_TASK BRIEF_
Repeat the listing below line by line, exactly, leaving its pictures behind.

_RECORDS FOR THE EXERCISE_
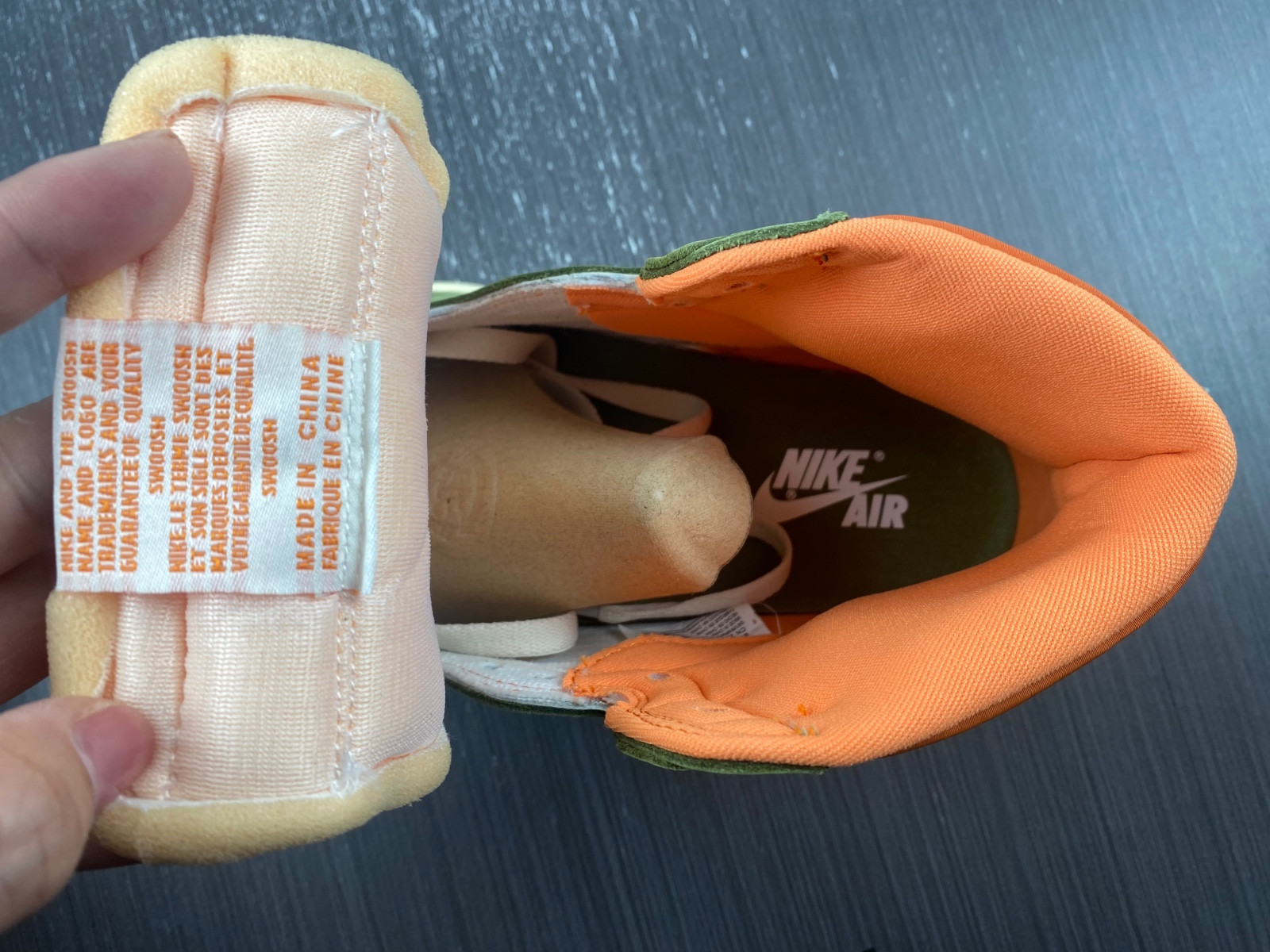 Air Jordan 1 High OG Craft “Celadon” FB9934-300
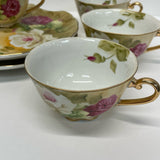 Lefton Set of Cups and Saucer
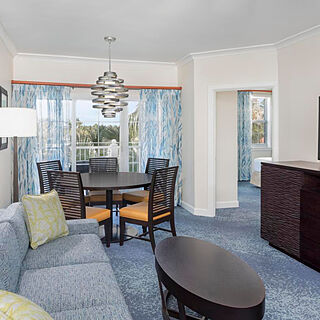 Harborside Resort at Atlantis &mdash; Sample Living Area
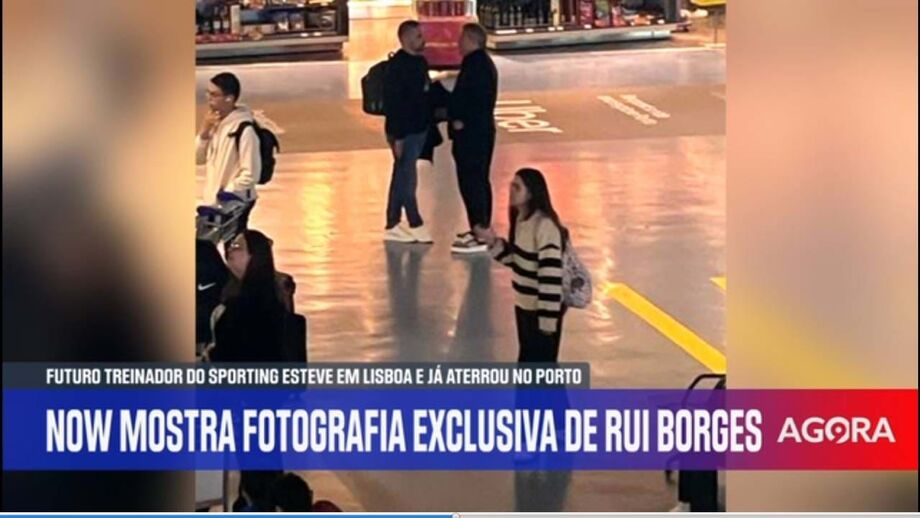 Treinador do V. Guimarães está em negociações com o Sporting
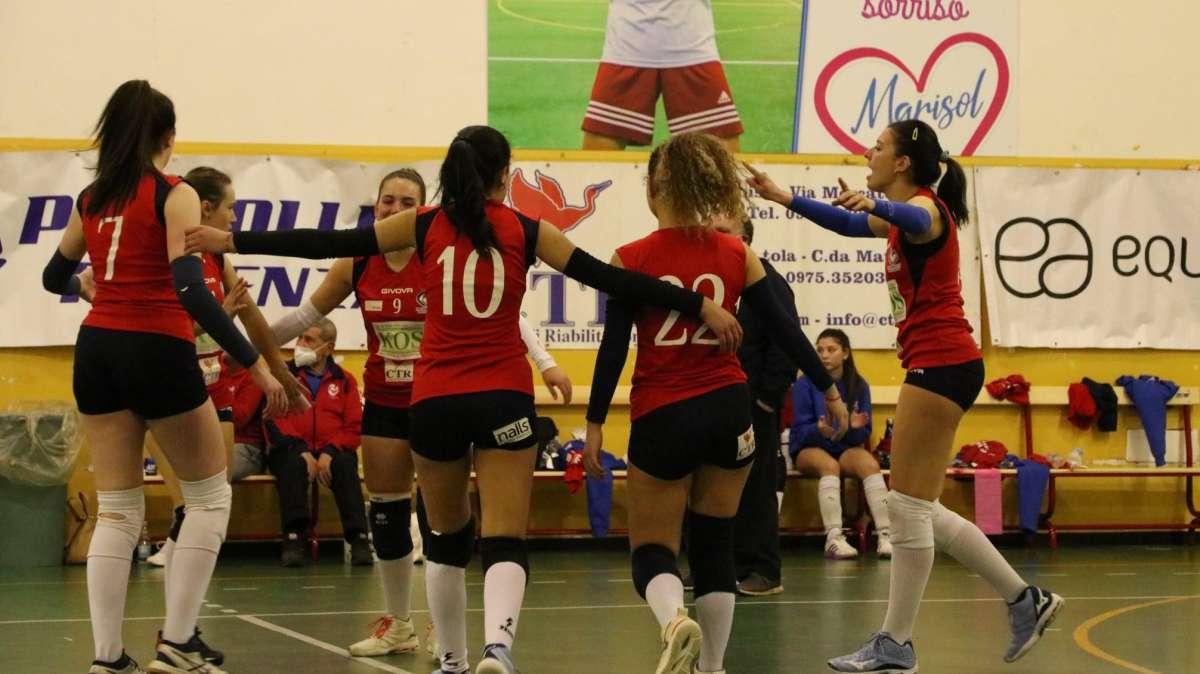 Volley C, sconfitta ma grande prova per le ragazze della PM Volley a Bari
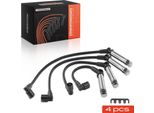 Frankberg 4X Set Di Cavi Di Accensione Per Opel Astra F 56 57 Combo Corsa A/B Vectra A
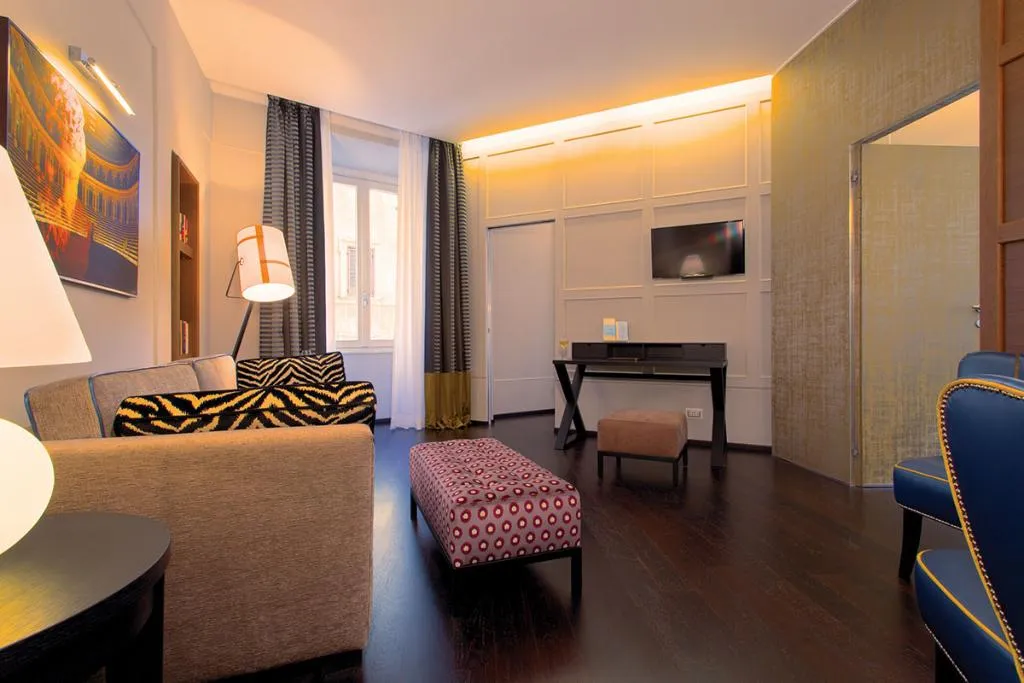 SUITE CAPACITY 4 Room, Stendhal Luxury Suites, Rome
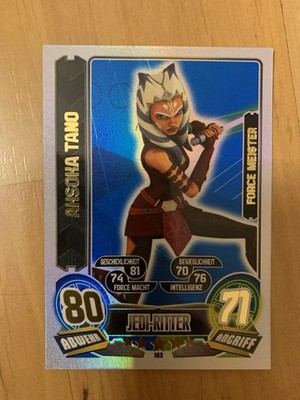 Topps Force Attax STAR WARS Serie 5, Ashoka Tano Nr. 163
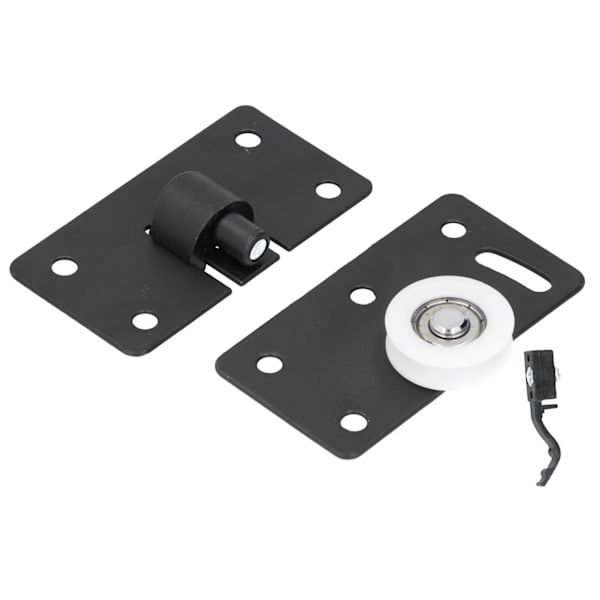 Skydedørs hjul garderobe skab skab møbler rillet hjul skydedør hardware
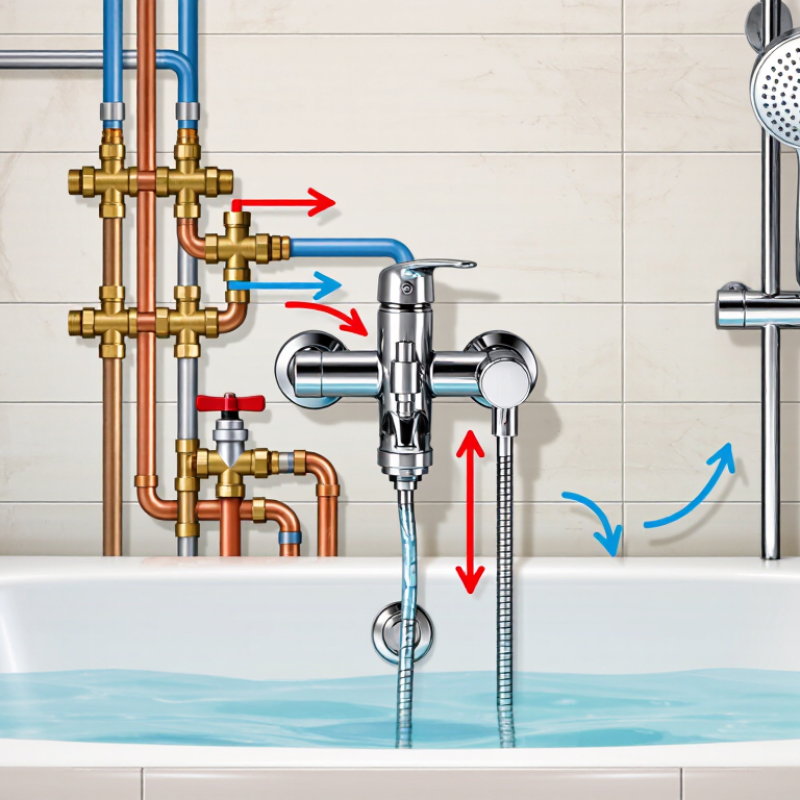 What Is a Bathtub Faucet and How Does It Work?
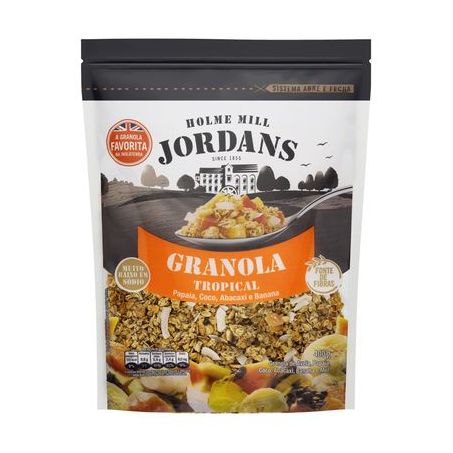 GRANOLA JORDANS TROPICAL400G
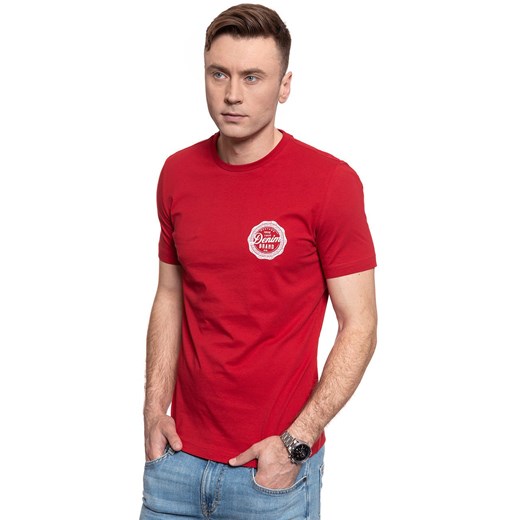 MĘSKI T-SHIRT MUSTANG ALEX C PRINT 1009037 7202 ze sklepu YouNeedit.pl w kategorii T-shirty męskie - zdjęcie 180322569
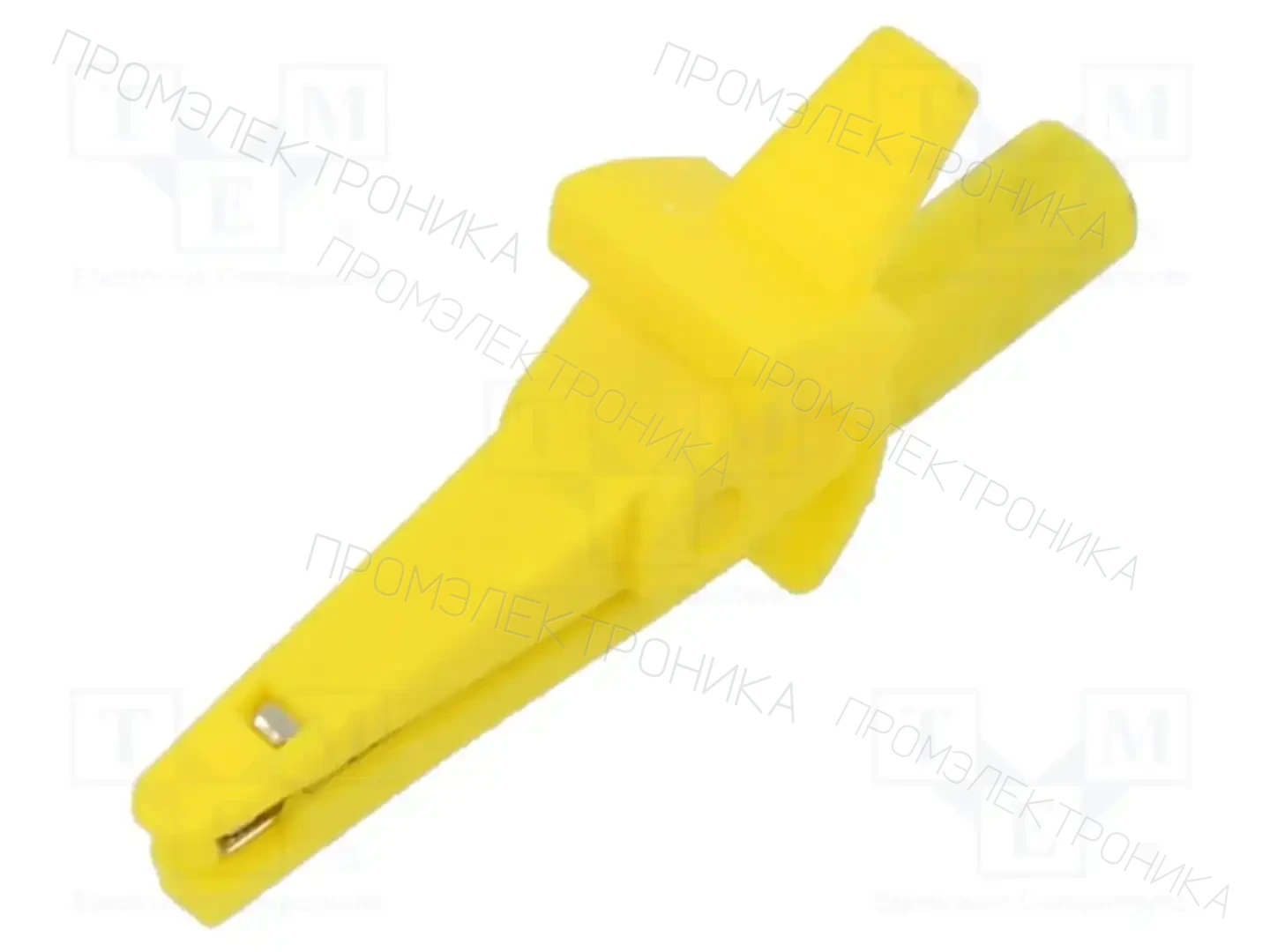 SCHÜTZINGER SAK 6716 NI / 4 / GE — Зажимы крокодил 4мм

_OUTPUT FOR THIS EXERCISE_
 Air Jordan 1 High OG Craft “Celadon” FB9934-300
 Lefton Set of Cups and Saucer
 Harborside Resort at Atlantis &mdash; Sample Living Area
 Treinador do V. Guimarães está em negociações com o Sporting
 Volley C, sconfitta ma grande prova per le ragazze della PM Volley a Bari
 Frankberg 4X Set Di Cavi Di Accensione Per Opel Astra F 56 57 Combo Corsa A/B Vectra A
 SUITE CAPACITY 4 Room, Stendhal Luxury Suites, Rome
 Topps Force Attax STAR WARS Serie 5, Ashoka Tano Nr. 163
 Skydedørs hjul garderobe skab skab møbler rillet hjul skydedør hardware
 What Is a Bathtub Faucet and How Does It Work?
 GRANOLA JORDANS TROPICAL400G
 MĘSKI T-SHIRT MUSTANG ALEX C PRINT 1009037 7202 ze sklepu YouNeedit.pl w kategorii T-shirty męskie - zdjęcie 180322569
 SCHÜTZINGER SAK 6716 NI / 4 / GE — Зажимы крокодил 4мм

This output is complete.